J'imagine que vous avez une explication tout à fait subtile et bien plus intelligente que la mienne en la matière...
Maintenant, sachez malgré tout que nier le sexisme de l'histoire littéraire est une erreur que je n'aurais pas cru possible chez un enseignant de littérature. Mais comme quoi, tout arrive !

Je crois que tu y vas un peu fort, là. Qu'il y ait de grandes écrivaines dans notre histoire littéraire, c'est un fait. Que certaines n'aient éventuellement pas toute la reconnaissance qu'elles mériteraient, éventuellement (mais on risque quand même de tourner assez vite en rond si on devait réellement faire une liste). Qu'ensuite tu préfères Georges Sand à Zola, c'est tout à fait possible, mais ça ne prouve rien sur la qualité littéraire de l'une et de l'autre. On constatera néanmoins qu'en termes d'histoire littéraire, Zola est d'une toute autre importance que Georges Sand. Ça n'empêche pas Georges Sand d'être un grand écrivain français.

Alors non, toutes les femmes n'étaient pas des mauvaises qui ne savaient pas écrire, mais il faut bien avouer qu'on ne les a pas aidées à écrire, et ça me paraît stupide de le nier (d'ailleurs quelqu'un comme Virginia Woolf en parle extrêmement bien dans Une Chambre à soi, et son explication me paraît un peu plus convaincante que la tienne, pour le coup, et montre que souvent, les femmes écrivains ont échappé à la "condition de la femme" de l'époque d'une façon ou d'une autre ). On remarquera d'ailleurs que la différence s'estompe très nettement au XXe siècle, notamment dans sa seconde moitié, et à mon avis ce n'est pas un hasard : je ne suis pas certain que la principale cause de la faible représentation des écrivains femmes des siècles précédents soit un sexisme a posteriori ; je crois qu'il est surtout dans le sexisme des époques en question.

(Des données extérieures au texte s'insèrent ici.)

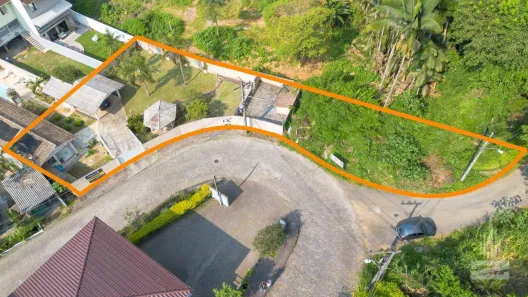 Lote/Terreno à venda, 1045m² no Do Salto, Blumenau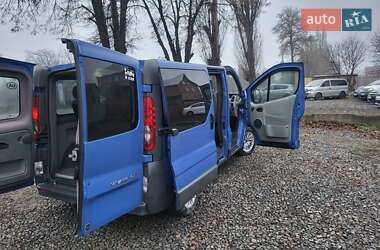 Мінівен Opel Vivaro 2007 в Хмельницькому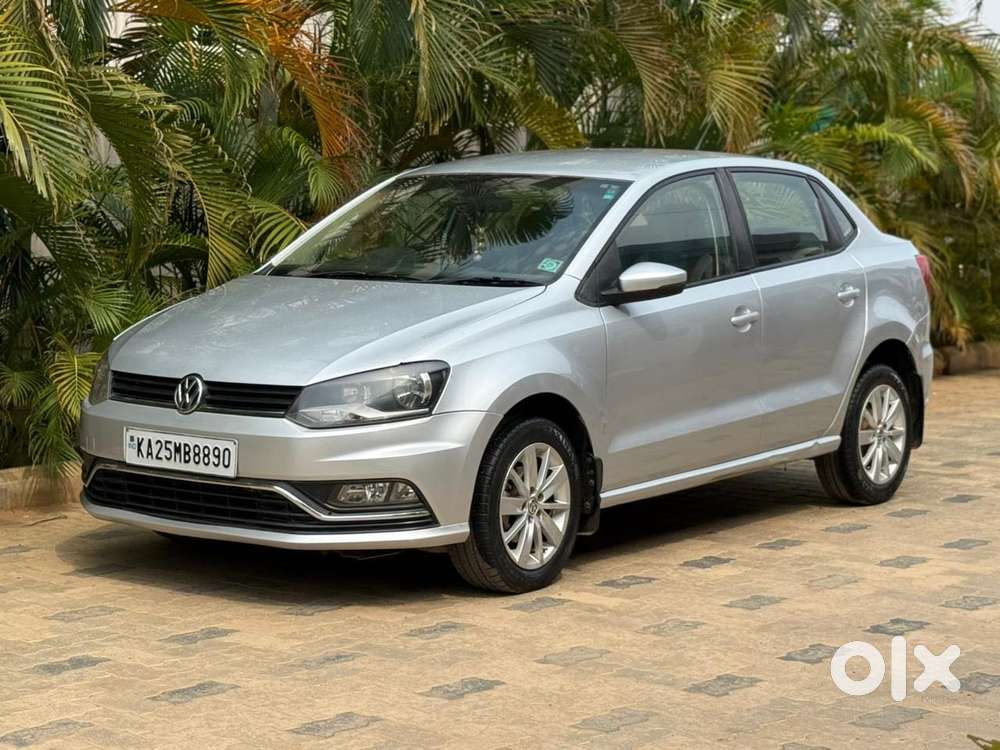 Volkswagen Ameo 1.2 Mpi Highline, 2017, Petrol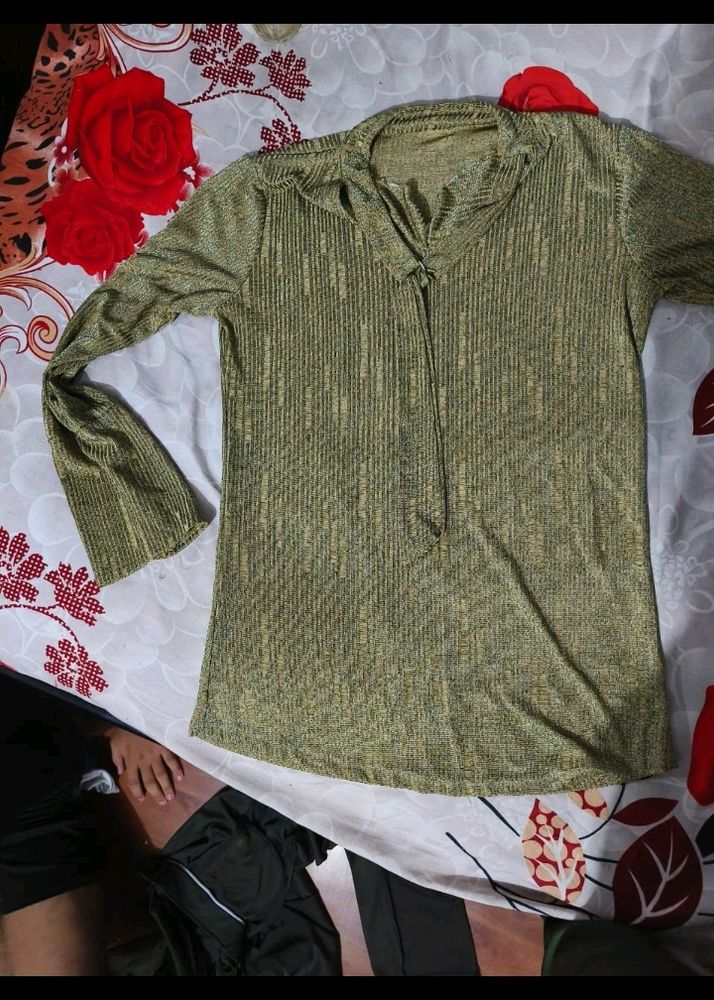 Designer Tie Top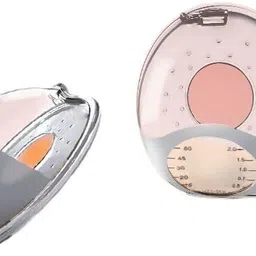 elephantboat Breastfeeding Milk Collectors Shells with Scale Reusable Silicone Shell for - Manual-picture-19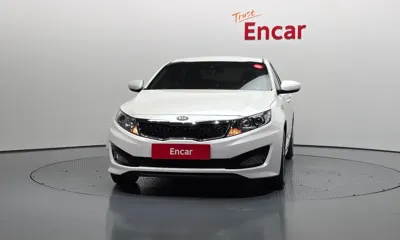 Kia K5 2012, 155434 км, за 3800000 KRW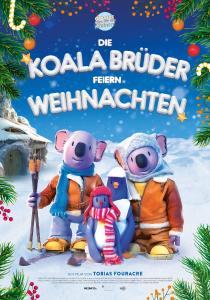 Poster "The Koala Brothers: Outback Christmas"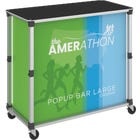 Portable Popup Bar Large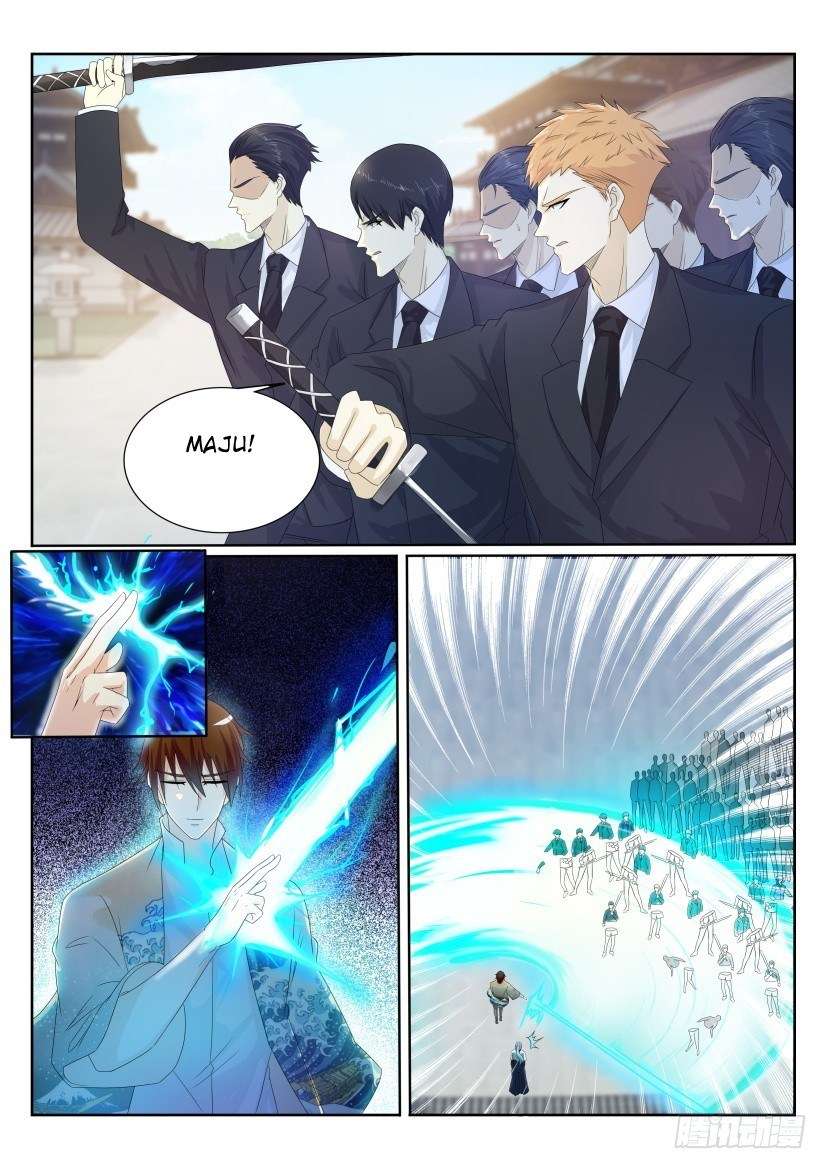 Rebirth Of The Urban Immortal Cultivator Chapter 200 - https://gambar-id.komiku.org/wp-content/uploads/86219-11.jpg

Nous sommes globalement d'accord, oui. Disons que je pense que les deux sexismes coexistent : le sexisme de l'époque, qui faisait que les femmes écrivaient moins, et le sexisme a posteriori, comme tu dis, qui fait qu'on parle moins de certaines écrivaines que de certains écrivains.
Je n'ai jamais nié l'importance de Zola ou des autres écrivains mâles cités dans le fil. Je dis juste qu'il n'est pas totalement impossible de faire découvrir à des élèves des oeuvres peut-être moins connues mais qui ont leur intérêt aussi. Dire que George Sand est aussi importante que Zola dans l'histoire littéraire française, c'est évidemment une idiotie. Mais je pense qu'un professeur peut choisir parfois des textes qui ne sont pas les plus connus : ça peut aussi permettre de découvrir d'autres choses aux élèves.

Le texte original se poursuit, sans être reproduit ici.